• Material for this exercise
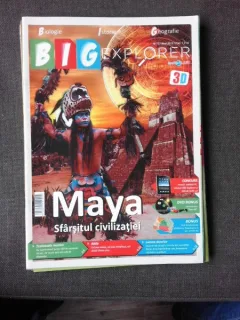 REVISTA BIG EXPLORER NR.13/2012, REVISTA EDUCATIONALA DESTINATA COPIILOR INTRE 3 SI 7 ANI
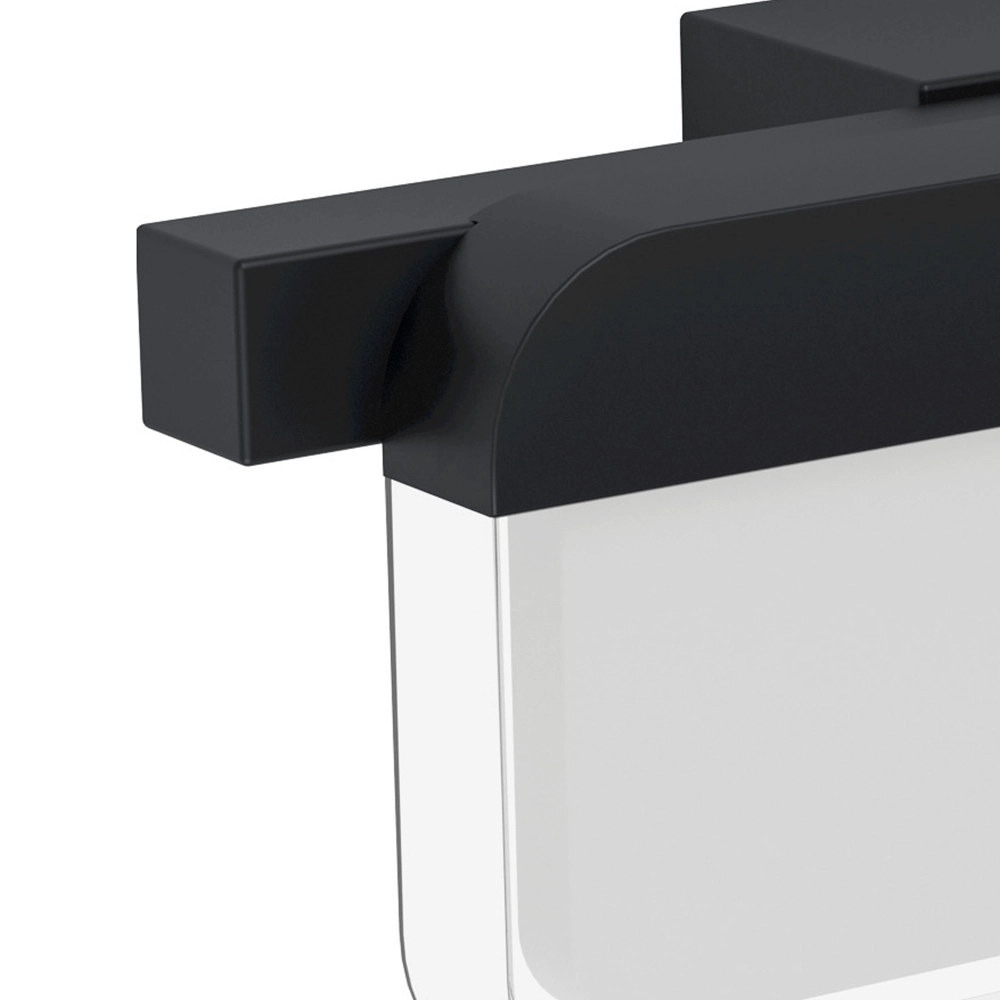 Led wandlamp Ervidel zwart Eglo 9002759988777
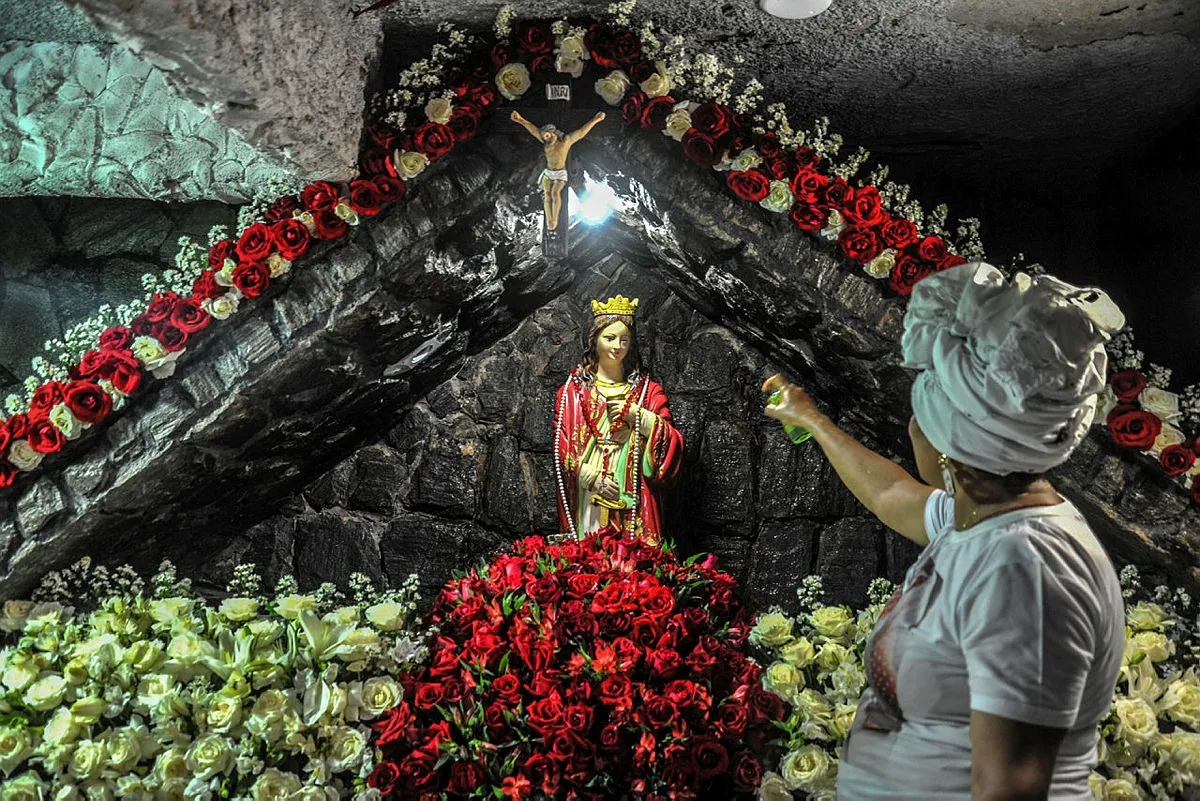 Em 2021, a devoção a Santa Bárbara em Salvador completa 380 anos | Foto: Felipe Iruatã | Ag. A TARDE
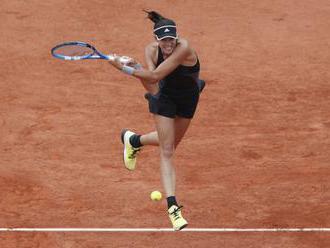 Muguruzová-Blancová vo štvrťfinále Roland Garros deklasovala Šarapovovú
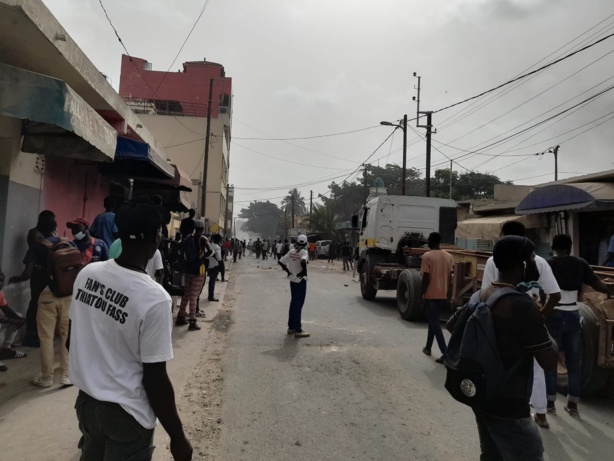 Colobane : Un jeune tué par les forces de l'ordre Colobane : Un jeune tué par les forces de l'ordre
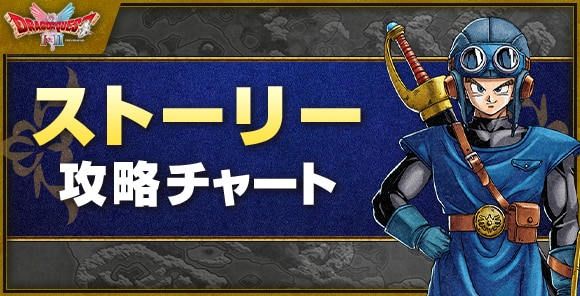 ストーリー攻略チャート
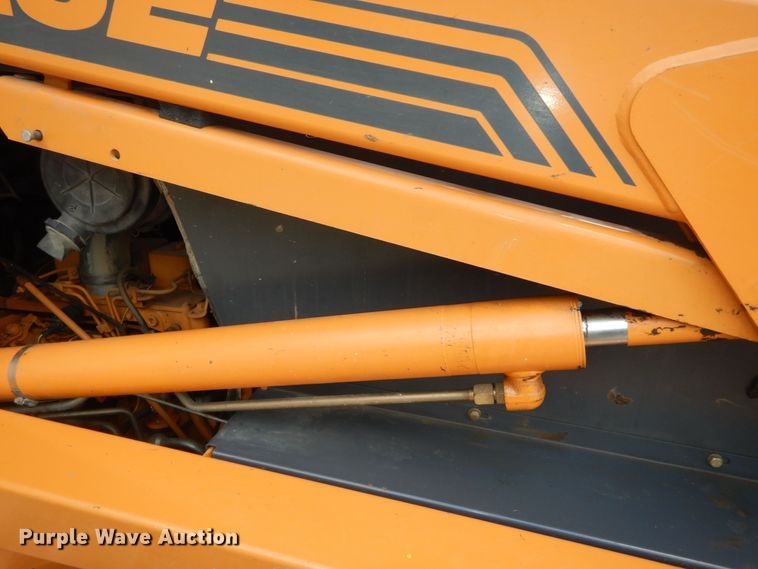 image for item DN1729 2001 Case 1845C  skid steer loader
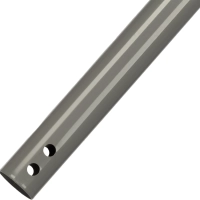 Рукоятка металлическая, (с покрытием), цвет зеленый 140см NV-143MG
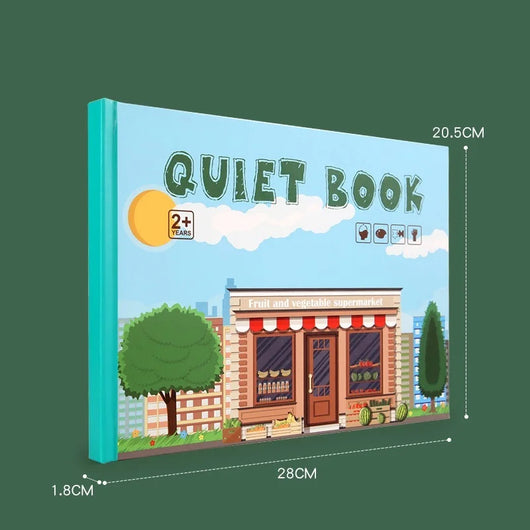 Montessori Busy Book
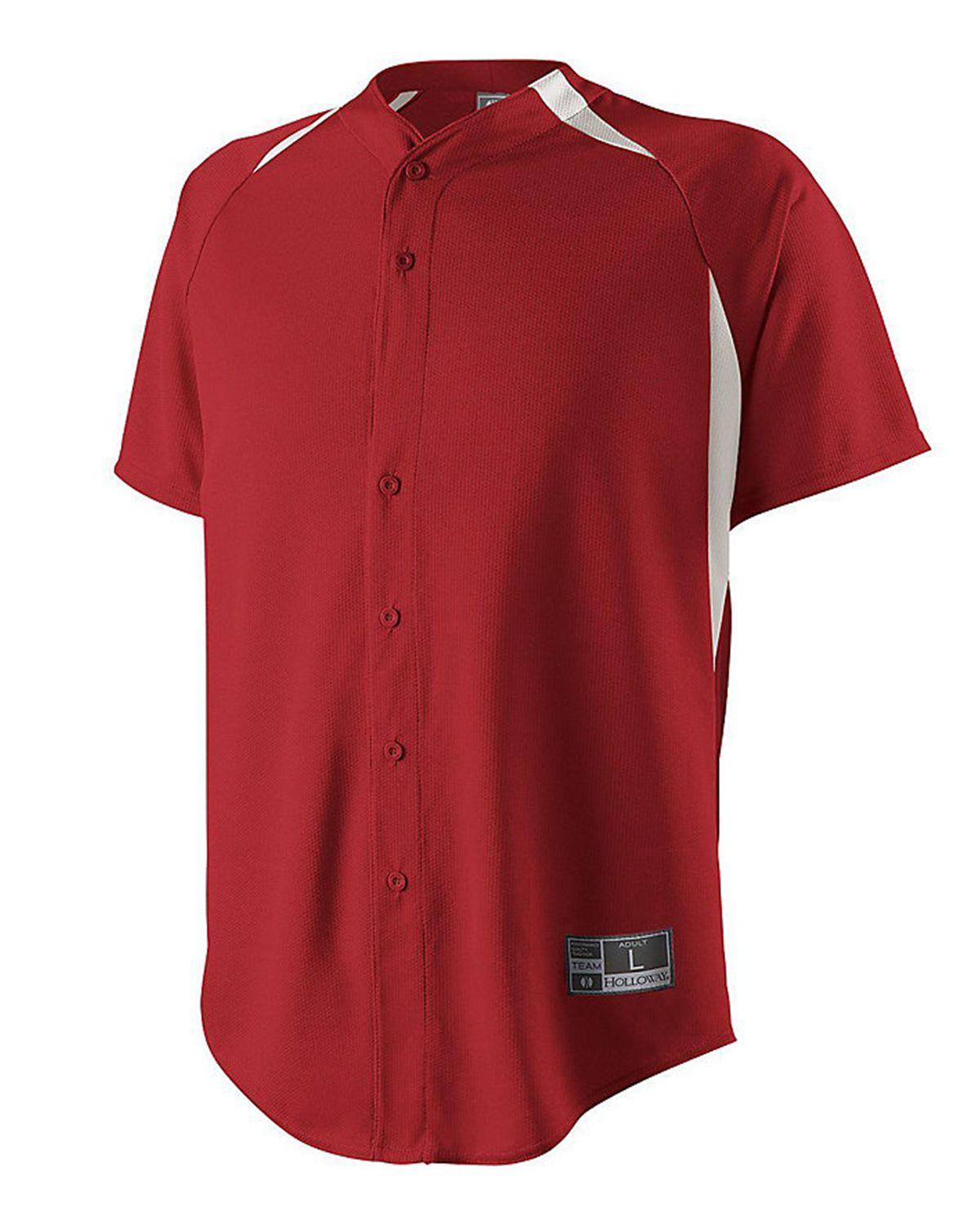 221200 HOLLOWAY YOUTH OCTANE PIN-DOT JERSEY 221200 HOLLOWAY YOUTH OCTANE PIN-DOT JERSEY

• Your goal
Leave every picture out and write out exactly the lines from the line with "Em 2021, a devoção" through the last line of the material.

• Result of the exercise
 Em 2021, a devoção a Santa Bárbara em Salvador completa 380 anos | Foto: Felipe Iruatã | Ag. A TARDE
 Muguruzová-Blancová vo štvrťfinále Roland Garros deklasovala Šarapovovú
 Colobane : Un jeune tué par les forces de l'ordre Colobane : Un jeune tué par les forces de l'ordre
 ストーリー攻略チャート
 image for item DN1729 2001 Case 1845C  skid steer loader
 Рукоятка металлическая, (с покрытием), цвет зеленый 140см NV-143MG
 Montessori Busy Book
 221200 HOLLOWAY YOUTH OCTANE PIN-DOT JERSEY 221200 HOLLOWAY YOUTH OCTANE PIN-DOT JERSEY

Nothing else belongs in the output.